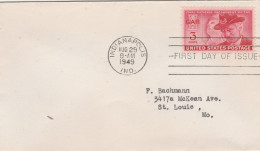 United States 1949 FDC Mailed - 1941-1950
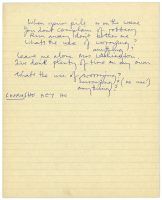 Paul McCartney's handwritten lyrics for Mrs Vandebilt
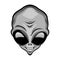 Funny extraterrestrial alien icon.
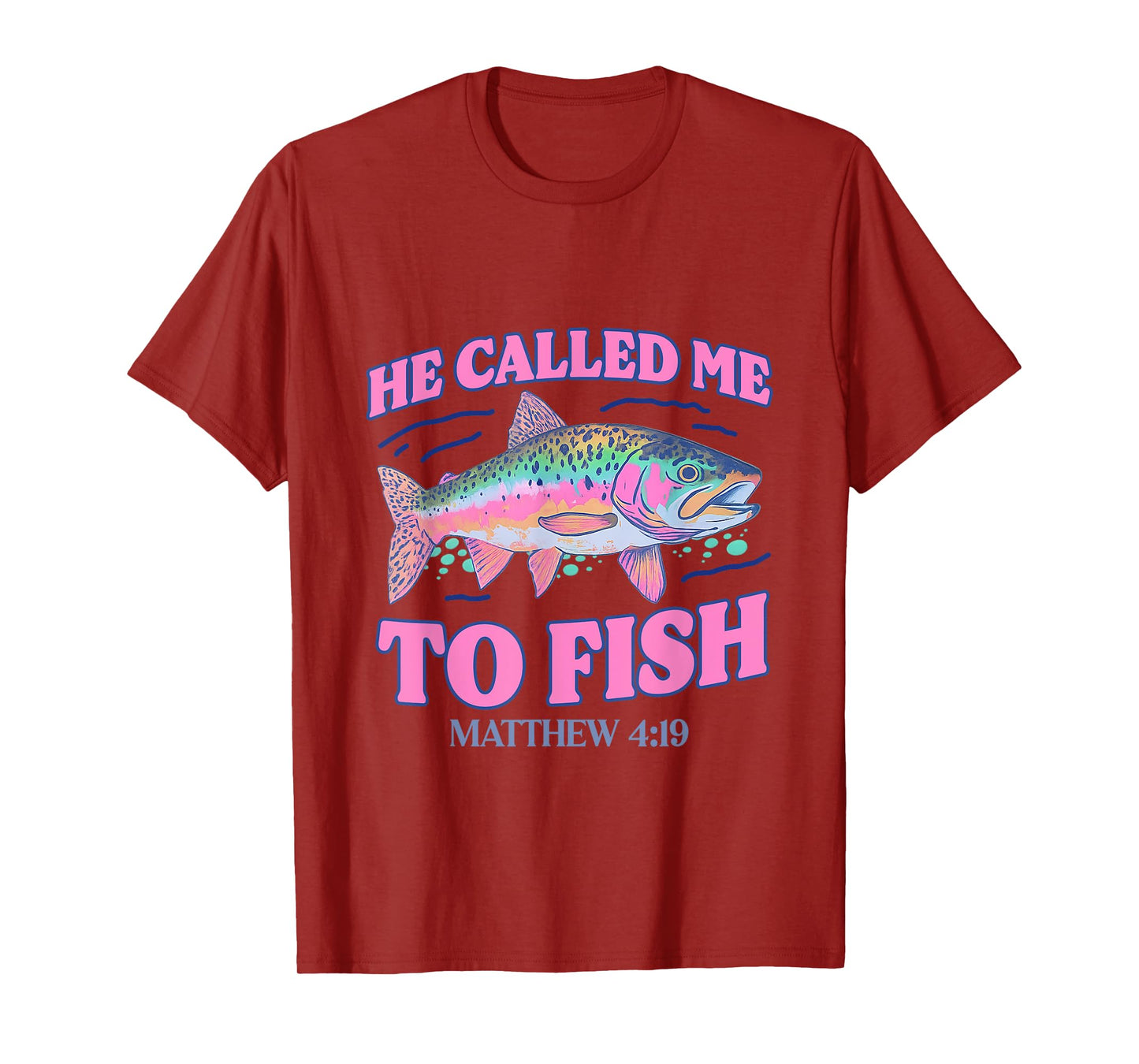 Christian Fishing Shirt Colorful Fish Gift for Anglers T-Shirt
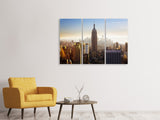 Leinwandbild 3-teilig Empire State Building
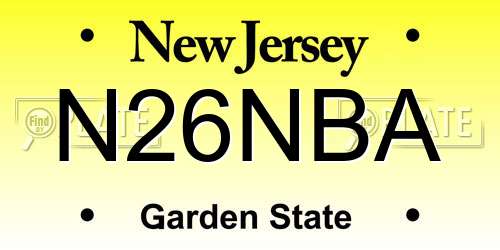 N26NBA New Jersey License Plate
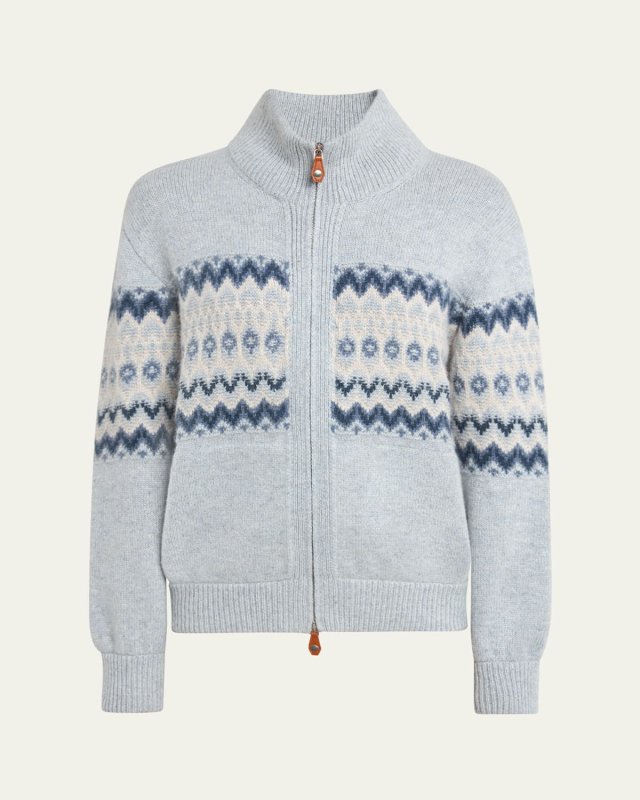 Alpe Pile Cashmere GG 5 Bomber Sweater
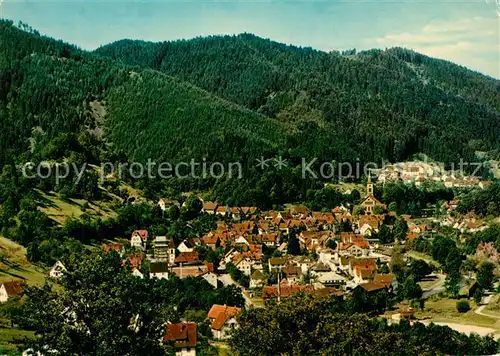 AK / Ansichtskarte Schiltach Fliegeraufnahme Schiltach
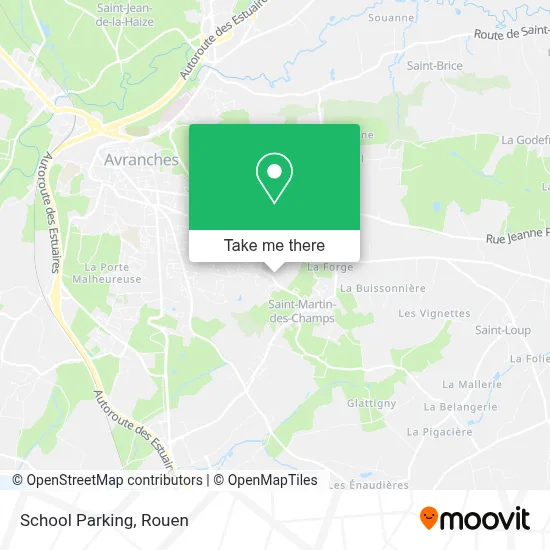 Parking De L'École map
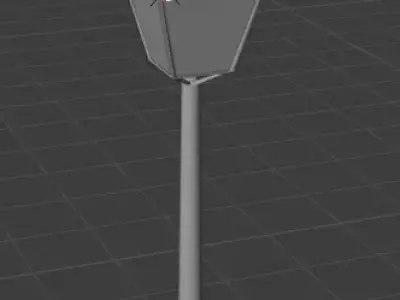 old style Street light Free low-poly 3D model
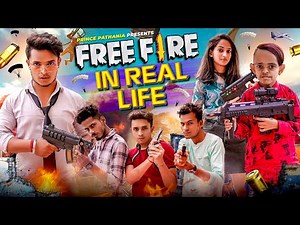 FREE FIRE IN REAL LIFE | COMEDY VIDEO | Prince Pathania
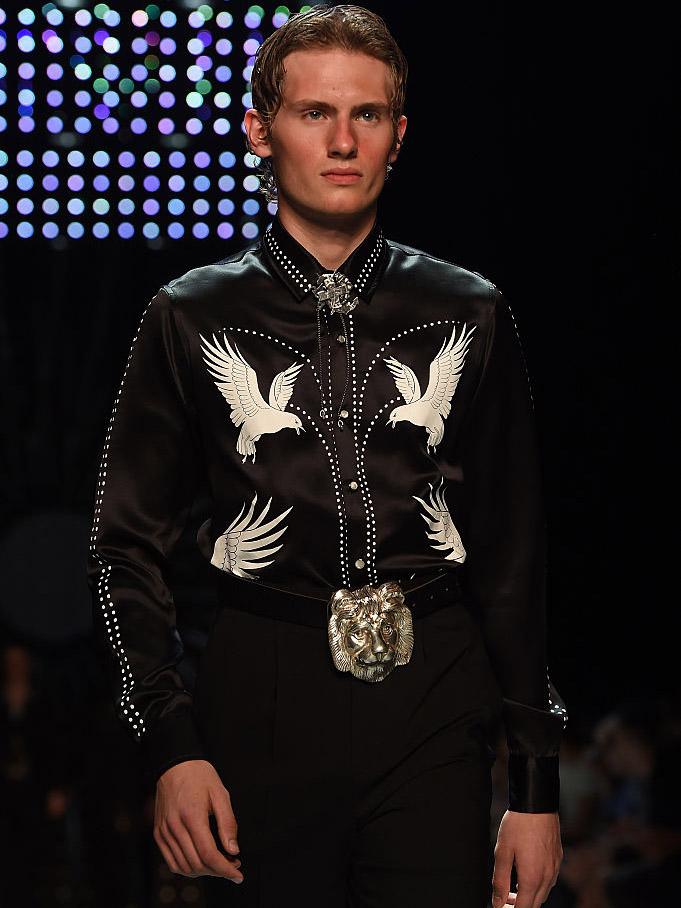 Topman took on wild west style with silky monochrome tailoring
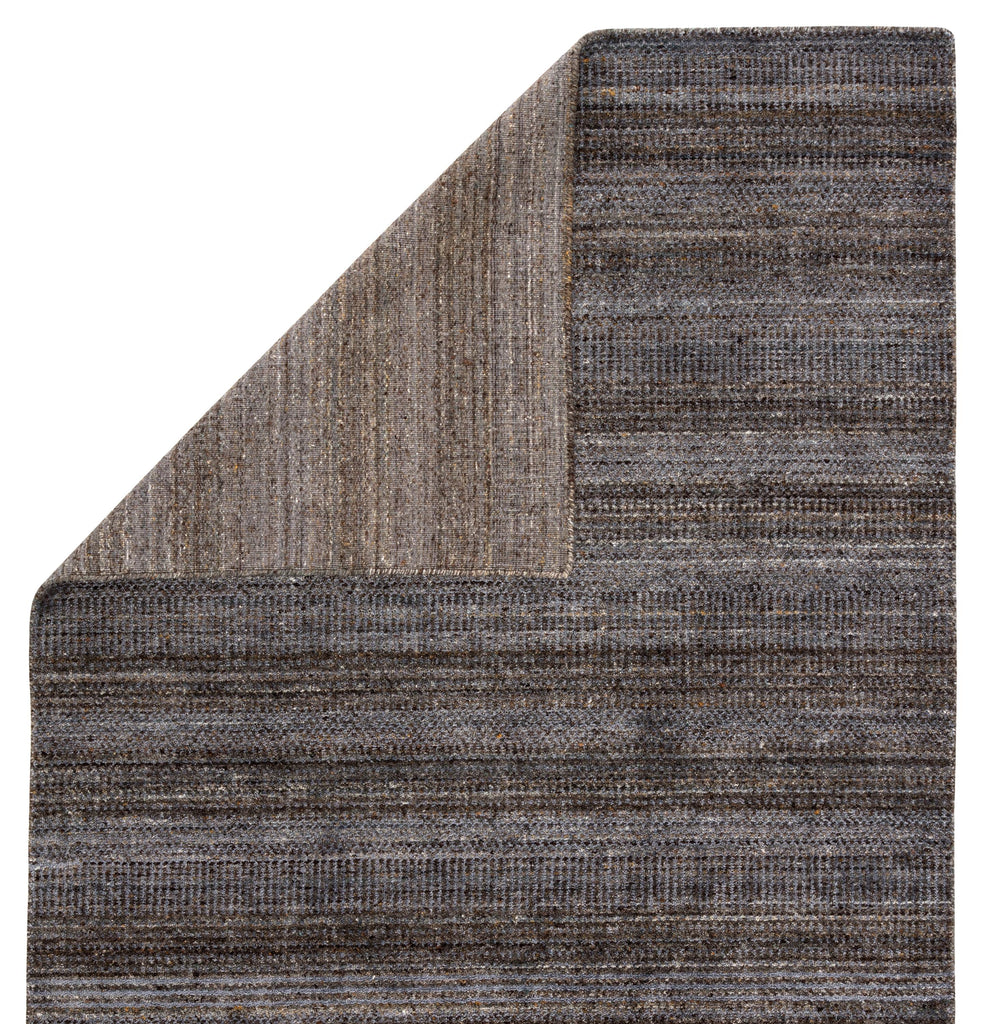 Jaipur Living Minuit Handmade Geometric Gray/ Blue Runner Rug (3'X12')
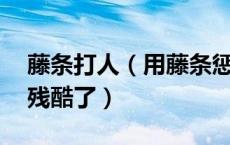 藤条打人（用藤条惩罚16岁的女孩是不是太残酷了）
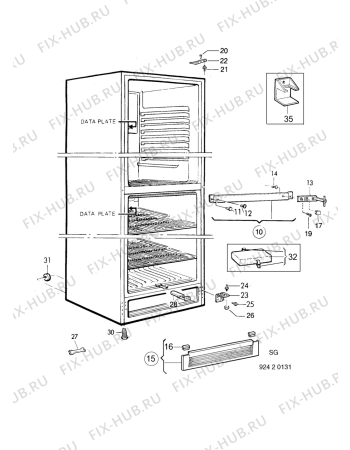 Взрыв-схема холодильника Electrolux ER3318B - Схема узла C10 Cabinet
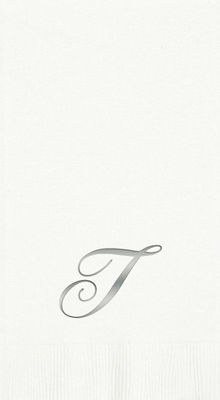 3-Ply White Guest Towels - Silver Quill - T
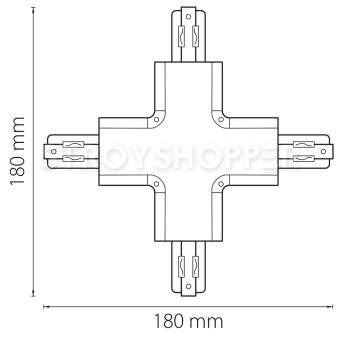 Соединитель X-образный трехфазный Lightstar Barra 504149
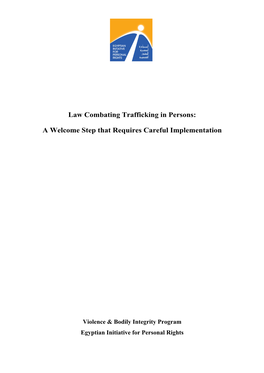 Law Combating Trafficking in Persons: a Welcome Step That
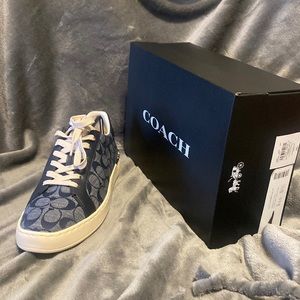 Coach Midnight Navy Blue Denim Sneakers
= = =
## Work order
Word for word, retype the lines in the entries above that run from the one with "N26NBA New Jersey License Plate" through the one with "3-Ply White Guest Towels - Silver Quill - T". Both ends count; pictures do not.

## Response box
 N26NBA New Jersey License Plate
 Alpe Pile Cashmere GG 5 Bomber Sweater
 AK / Ansichtskarte Schiltach Fliegeraufnahme Schiltach
 Parking De L'École map
 old style Street light Free low-poly 3D model
 FREE FIRE IN REAL LIFE | COMEDY VIDEO | Prince Pathania
 Topman took on wild west style with silky monochrome tailoring
 Jaipur Living Minuit Handmade Geometric Gray/ Blue Runner Rug (3'X12')
 藤条打人（用藤条惩罚16岁的女孩是不是太残酷了）
 Взрыв-схема холодильника Electrolux ER3318B - Схема узла C10 Cabinet
 3-Ply White Guest Towels - Silver Quill - T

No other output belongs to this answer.